She shrugs. “Then you will throw up for another six months and it will suck.”
“I don’t think I could do it.” I swish the water around in my mouth.
“You could and you would, because you’d have to, but you probably won’t,” Aunt Angelina says. “Being a mother is all about losing control and then surviving it.”
I spit into the trash can and take a sip of water, but my throat still feels raw.
“That makes motherhood sound really terrible.”
Aunt Angelina pulls me into a hug. “It’s worth it,” she says.
I feel sick to my stomach in a way that has nothing to do with the baby. I squeeze her tighter.
“I’m sorry. I shouldn’t have said that,” I whisper.
“It’s still worth it, Autumn, even if they die.”
My stomach drops again, but she releases me from the hug and smiles sadly at me.
A security guard approaches and asks if we need help or an ambulance. He’s not thrilled about my use of the trash can and points out a restroom on the other side of the courtyard, as if that would have helped. Mom comes out with her shopping bags. The guard eyes my middle before getting on his walkie-talkie and asking for cleaning services.
Mom describes every outfit she has purchased in great detail so that by the time we’re in the car, I almost don’t need to go through the bags. But I do so that I can thank her for each one as we drive home. Our chatter covers the hole in our day’s adventure, the lack of excitement they’d hoped to inspire.
Everything having to do with this baby reinforces the fact that Finny’s not here.
For all of us.
Yet we want this. I want this.
He would want this.
But that doesn’t make doing this without him any easier.
So this is where I live, in a place where every shade of joy must be painted over in the black of Finny’s death, muted to the gray of willfully existing.
two
“This is awesome,” Angie says, glancing up from Guinevere to smile at me. Her face is luminous and shadowed with exhaustion.
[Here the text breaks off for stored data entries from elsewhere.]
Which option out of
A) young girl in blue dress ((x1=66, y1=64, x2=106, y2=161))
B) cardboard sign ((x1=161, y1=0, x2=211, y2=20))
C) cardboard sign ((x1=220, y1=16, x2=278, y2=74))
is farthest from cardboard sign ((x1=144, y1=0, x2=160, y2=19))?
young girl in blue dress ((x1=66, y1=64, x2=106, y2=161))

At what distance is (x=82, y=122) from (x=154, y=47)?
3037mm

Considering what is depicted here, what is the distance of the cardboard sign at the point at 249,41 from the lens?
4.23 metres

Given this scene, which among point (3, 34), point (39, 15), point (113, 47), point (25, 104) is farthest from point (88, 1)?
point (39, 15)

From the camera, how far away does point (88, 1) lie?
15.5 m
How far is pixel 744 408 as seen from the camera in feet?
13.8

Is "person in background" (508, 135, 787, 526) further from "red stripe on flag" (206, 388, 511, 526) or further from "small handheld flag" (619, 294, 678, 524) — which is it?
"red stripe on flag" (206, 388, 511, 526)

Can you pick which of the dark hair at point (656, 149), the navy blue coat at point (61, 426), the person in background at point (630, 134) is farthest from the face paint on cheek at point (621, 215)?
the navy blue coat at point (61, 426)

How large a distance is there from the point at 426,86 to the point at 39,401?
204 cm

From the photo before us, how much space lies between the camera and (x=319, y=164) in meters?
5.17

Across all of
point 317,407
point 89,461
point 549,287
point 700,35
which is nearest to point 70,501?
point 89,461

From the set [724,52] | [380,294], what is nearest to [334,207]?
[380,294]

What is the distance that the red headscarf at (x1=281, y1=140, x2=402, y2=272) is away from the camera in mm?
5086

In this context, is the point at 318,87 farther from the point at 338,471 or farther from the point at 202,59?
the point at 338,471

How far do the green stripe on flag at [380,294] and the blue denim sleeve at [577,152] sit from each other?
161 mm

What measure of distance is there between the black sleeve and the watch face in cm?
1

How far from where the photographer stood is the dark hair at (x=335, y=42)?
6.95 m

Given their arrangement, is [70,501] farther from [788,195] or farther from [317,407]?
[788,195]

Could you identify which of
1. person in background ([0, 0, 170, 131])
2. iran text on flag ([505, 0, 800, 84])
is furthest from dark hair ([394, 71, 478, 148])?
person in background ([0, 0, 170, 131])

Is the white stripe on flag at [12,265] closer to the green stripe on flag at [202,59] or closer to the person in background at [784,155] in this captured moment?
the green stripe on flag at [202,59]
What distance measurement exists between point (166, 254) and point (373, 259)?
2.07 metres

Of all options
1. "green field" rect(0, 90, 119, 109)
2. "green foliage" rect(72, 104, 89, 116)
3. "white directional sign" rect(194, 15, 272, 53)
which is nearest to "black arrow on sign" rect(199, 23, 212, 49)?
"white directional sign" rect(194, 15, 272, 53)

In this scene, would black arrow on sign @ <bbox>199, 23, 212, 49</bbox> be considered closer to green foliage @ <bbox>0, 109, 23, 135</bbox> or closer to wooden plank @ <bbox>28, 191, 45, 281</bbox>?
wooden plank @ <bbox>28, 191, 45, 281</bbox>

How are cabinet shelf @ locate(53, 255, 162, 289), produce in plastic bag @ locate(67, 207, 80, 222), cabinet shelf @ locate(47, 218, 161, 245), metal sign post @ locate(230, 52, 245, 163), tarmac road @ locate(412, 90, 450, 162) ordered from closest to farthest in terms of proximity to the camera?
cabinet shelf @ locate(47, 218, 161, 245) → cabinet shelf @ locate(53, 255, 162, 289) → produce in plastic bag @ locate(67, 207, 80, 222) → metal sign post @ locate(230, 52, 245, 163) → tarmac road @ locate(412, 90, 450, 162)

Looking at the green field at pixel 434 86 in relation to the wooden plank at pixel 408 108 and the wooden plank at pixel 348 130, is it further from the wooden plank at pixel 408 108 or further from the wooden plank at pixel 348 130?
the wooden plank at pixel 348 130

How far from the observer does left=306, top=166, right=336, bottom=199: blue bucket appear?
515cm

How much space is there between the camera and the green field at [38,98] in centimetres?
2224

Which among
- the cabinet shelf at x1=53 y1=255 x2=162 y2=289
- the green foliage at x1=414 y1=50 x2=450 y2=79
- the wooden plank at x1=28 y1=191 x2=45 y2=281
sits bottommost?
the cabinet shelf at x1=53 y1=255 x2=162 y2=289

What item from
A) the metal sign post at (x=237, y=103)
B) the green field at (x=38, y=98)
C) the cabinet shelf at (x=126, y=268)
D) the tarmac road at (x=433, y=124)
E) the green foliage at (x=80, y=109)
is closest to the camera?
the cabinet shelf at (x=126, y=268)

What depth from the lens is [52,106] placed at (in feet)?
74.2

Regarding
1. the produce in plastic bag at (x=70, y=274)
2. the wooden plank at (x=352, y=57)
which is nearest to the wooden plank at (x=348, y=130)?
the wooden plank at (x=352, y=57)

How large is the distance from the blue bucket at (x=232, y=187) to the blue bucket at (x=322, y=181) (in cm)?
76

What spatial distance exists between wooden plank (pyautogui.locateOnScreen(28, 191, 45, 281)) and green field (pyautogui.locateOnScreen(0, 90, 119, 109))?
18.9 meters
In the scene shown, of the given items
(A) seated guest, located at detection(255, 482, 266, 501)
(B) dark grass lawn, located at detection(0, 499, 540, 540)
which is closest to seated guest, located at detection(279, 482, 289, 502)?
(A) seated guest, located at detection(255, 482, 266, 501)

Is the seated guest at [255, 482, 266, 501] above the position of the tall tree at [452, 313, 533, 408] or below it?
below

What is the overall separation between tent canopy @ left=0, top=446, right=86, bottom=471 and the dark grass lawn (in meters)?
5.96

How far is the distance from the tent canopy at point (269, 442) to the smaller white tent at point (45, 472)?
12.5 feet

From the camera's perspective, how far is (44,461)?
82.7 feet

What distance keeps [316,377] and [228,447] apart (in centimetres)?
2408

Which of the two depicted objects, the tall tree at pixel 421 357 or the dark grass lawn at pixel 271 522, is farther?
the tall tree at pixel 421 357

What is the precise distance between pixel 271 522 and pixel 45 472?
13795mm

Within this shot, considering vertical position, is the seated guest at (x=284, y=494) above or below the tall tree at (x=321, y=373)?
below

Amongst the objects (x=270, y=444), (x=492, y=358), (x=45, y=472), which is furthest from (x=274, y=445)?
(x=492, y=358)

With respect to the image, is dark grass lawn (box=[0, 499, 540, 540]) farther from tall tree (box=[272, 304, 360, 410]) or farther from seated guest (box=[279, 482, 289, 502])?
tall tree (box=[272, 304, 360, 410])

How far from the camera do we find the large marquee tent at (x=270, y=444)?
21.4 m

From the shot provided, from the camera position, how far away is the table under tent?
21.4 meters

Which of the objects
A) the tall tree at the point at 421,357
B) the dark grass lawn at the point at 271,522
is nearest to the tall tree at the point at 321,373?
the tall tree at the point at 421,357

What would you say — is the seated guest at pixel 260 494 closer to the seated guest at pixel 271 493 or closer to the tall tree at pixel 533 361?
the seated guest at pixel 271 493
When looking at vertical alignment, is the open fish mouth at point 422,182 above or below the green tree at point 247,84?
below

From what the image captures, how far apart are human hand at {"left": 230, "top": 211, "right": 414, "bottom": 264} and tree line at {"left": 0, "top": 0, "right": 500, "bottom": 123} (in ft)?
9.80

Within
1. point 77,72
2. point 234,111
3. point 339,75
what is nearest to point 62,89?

I hadn’t planned to tell her so immediately. We’ve hardly spoken in months, but the moment I saw her round face and short figure, my heart leapt, and a feeling of safety came over me.
I suppose it has been a while since I was with a friend.
The tiny basement apartment is cluttered with the lives of three humans and their shoes. I’m perched on the edge of the secondhand plaid couch, which is covered in unfolded laundry. Angie is on the floor changing Guinevere into a “First Christmas” onesie, even though it’s the first week of November. She snaps the last button and looks up at me.
“It is awesome that you’re pregnant, right?” She sits back on her heels.
“It’s good.” I sound like I’m talking about a meal at a restaurant that wasn’t quite what I expected. “It’s scary,” I add, and I still sound like I’m talking about mayonnaise.
“It’s terrifying!” Angie sings as she tickles Guinevere’s chin. She rolls the baby onto her stomach in a square of sunshine cast through the small window. “And it doesn’t stop. Sorry.”
“What doesn’t stop?”
“Motherhood never stops being scary.”
She laughs. I don’t.
Angie stretches her arms above her blond head and groans. She yawns and blinks at me.
“Stand up and let me look at you,” she says.
I oblige, and she nods sagely.
“I can tell,” she says. “I totally see it.”
“No, I can barely feel it, Ang.” The button on my jeans is undone, but my zipper zips.
“I see it,” she says. “When are you due?”
“May Day,” I reply, and then, “May first. Not the distress call.”
Angie smiles and yawns again. “Yes, I can see Auntie Aut’s bump, can you, Guinnie?” She lies down on the floor with a groan. “Sorry, Autumn. I am just so tired.”
“It’s okay. I’m tired too.” I sit back on the couch and watch her coax a smile from her child. The Mothers were thrilled when I said I had reached out to Angie and needed a ride to her place. It’s nice seeing her. It’s weird seeing her as a mother.
There’s this confidence about Angie that startles me. I’d first noticed it at the hospital last summer, but it’s more pronounced now. When she answered the door, she was holding the baby on her hip, and after hugging me and inviting me inside, Angie said, “Sorry. I felt her head, and I need to change her into something warmer,” so she had.